NFU Livestock Board Chair Richard Findlay outlined his strategy for a more efficient, resilient and profitable sector that is equipped with the tools to adapt and change in these uncertain times.
Reflecting on the market effects of the pandemic, he praised members and the UK supply chain, despite some 'blips', and thanked those retailers that continue to source 100% British meat.
More British beef and lamb on shelves
Mr Findlay encouraged them to "work with us to put more British beef and lamb on shelves and not default to sourcing product produced thousands of miles away to standards that would not be allowed here."
Highlighting the new red meat export strategy, he said: "There needs to be a coherent approach across government to bolster UK farming’s productivity and ensure that red meat is at the heart of any future export growth plans.
"We have a fantastic story to tell and, product to producer, the government just need to help us tell it."
International trade concerns
BMPA Chief Executive Nick Allen also expressed concerns on international trade as well as the effects of the pandemic and labour shortages.
He noted: "Sustainability, resilience, efficiency and supportive consumers are major strengths for our industry."
Embracing new technology
As consumer interest in climate change continues to grow, Mr Findlay called upon delegates to embrace new technology on their net zero journeys.

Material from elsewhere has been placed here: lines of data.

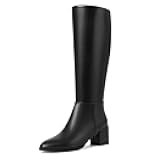 Knee High Boots Women Chunky Heel Round Toe Side Zipper Tall Boots for Women Comfortable Long Boots
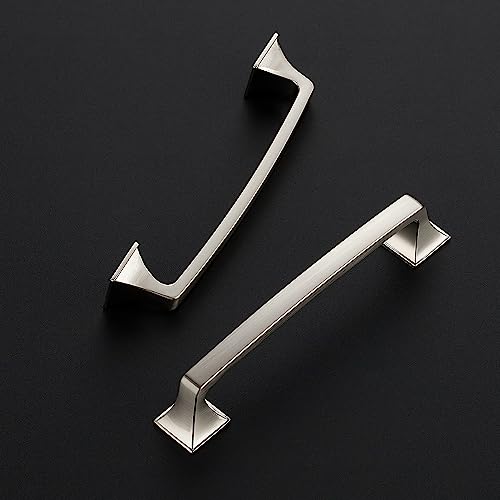 Ravinte Hardware 30 Pack Kitchen Cabinet Handles 5 Inch Hole Center Brushed Nickel Cabinet Pulls Solid Suqare Foot Drawer Pulls for Dresser and Drawers by Ravinte Hardware - Used condition - Image 2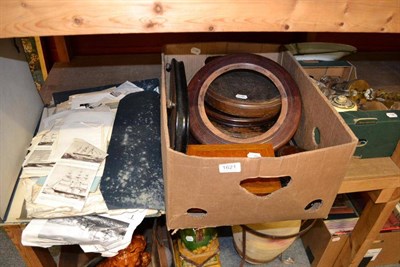 Lot 1621 - Box of stands, folder of ship related ephemera, charger and a glass two branch candelabra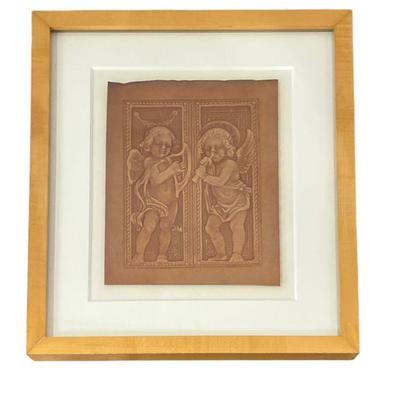 Vintage Italian Tooled Leather Work of Two Cherubs
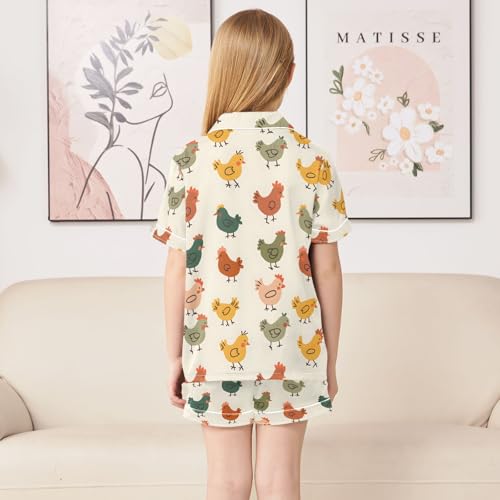 ALAZA Cute Chicken Colorful Pajamas Satin Pajama Set Short Sleeve Button Down Sleepwear4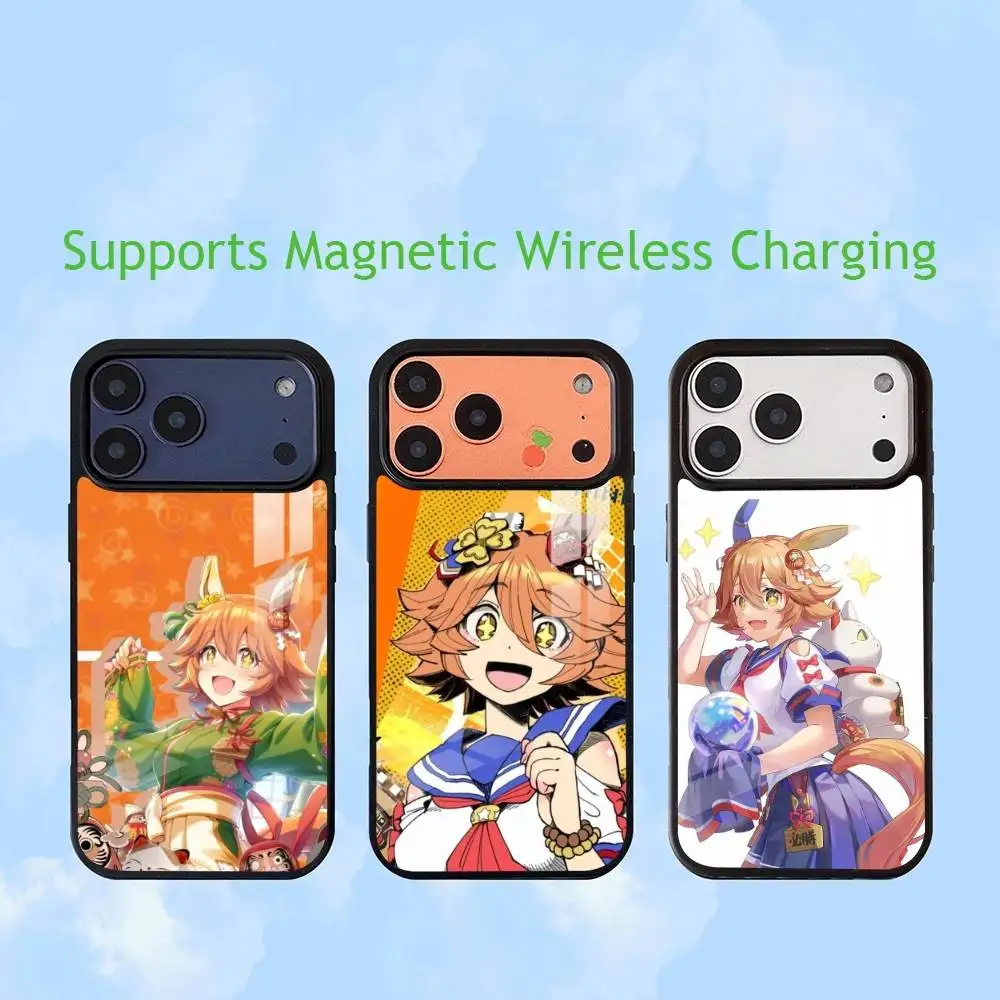 Matikanefukukitaru Umamusume  Luxury Glass Phone Case For iPhone17,16,15,14,13,12,11 Plus,Pro Allows magnetic wireless charging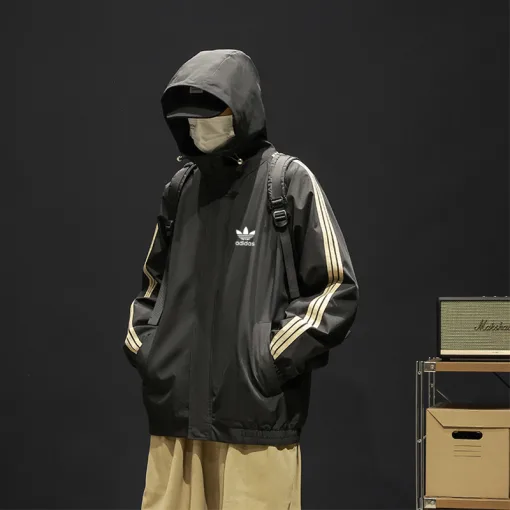 Luxus Adidas Mantel Schwarz Classic Style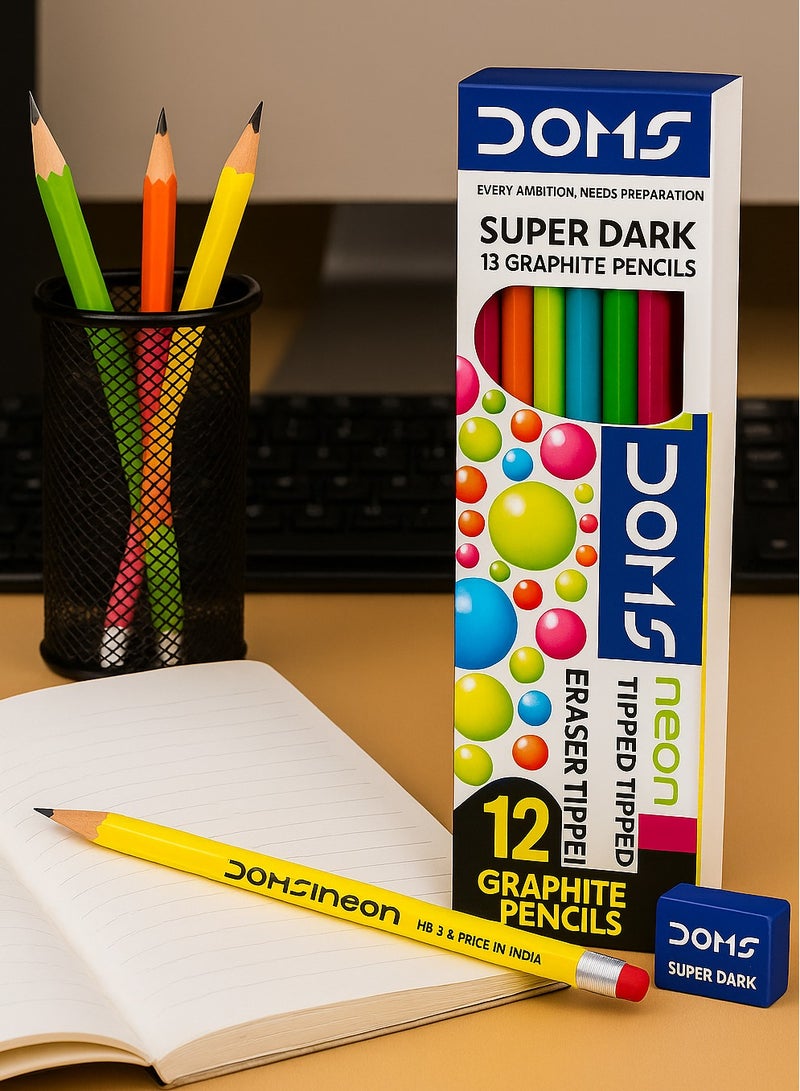 DOMS Neon Eraser-Tipped Super Dark HB/2 Graphite Pencils – Pack of 12 with Sharpener – Round Shaped, Multicolor – School, Office & Drawing - Image 3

Mark Jelley highlighted the use of carbon calculators and noted his biggest learning from using one was "if something is costing you money, it is probably also costing you carbon."

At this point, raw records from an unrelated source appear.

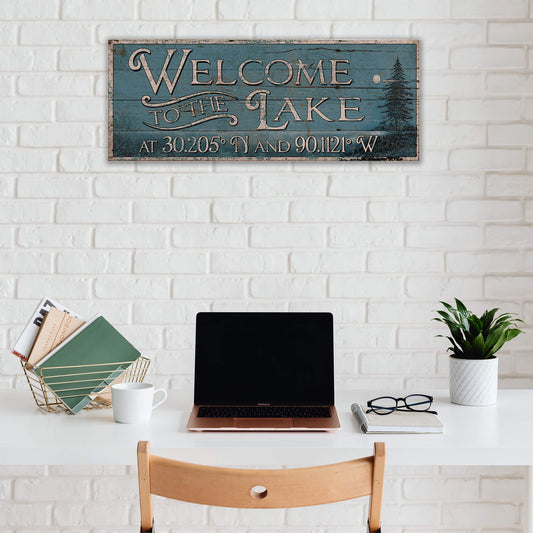 Welcome to Lake Coordinates Sign - Wood & Metal Wall Art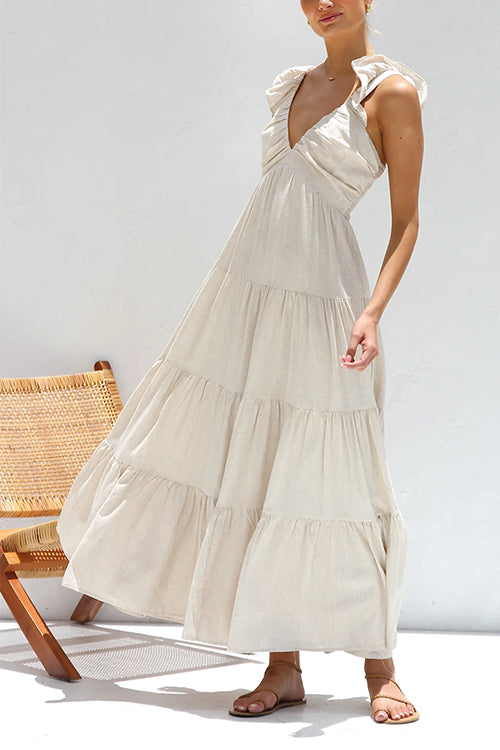 Maxi Dress - Sleeveless Flowy V-Neck Ruffle A-Line Maxi Sundress-Fashion Nora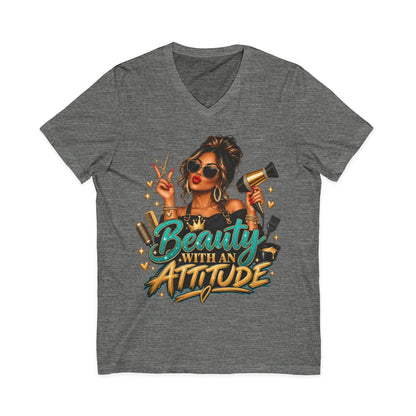 "Beauty With an Attitude" V-Neck Hair Stylist T-Shirt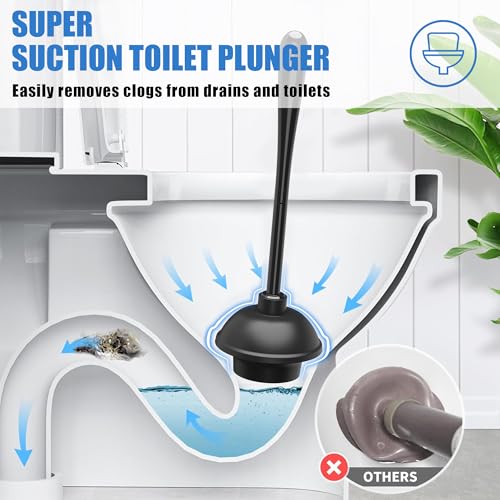 JEHONN Toilet Plunger and Brush Set Black with Holder and Hidden Tweezers, Heavy Duty Bathroom Bowl Scrubber Cleaning Kit for Bathtub Sink Wash Basin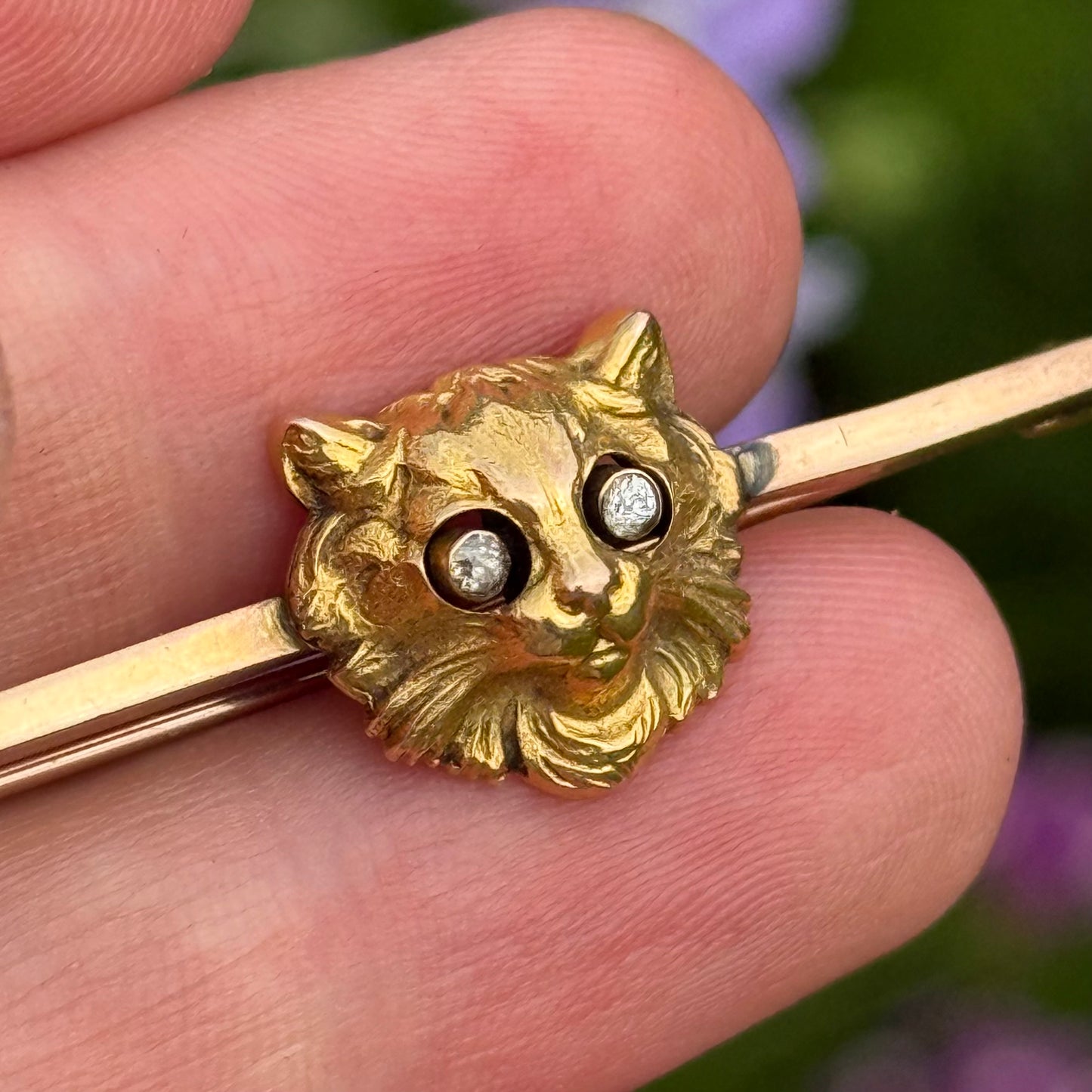 Antique Novelty Diamond Wiggle Eyes Cat Brooch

He also noted the concerted effort to promote the positive climate story of Great British meat and dairy by both the NFU and AHDB.
Will Jackson of AHDB said that while promoting the industry we "need to be really focussed on what the consumer wants."
Using resources efficiently
Delegates also looked at the issue of high input costs, stressing the need to use resources efficiently.
This was reinforced by Phil Bicknell, Head of Business Development at CIEL, who explored how on farm activities can support productivity and reduce emissions but that greenhouse gas emissions from the UK industry are "roughly half the rate of the global average."
Uncertainty about the post-BPS future was identified as cause for concern with Mr Findlay noting he was "not clear whether our government actually wants us to continue producing climate-friendly, sustainable protein for our nation, with them currently looking to import more food and turn our land over to wild flowers, woodland and scrub."
Speaking during the Q&A, Neil Parish MP outlined his work as a "scrutineer" in parliament and stressed that having "good healthy meat in our diet is great for us all" and "we have great food" and a "great brand".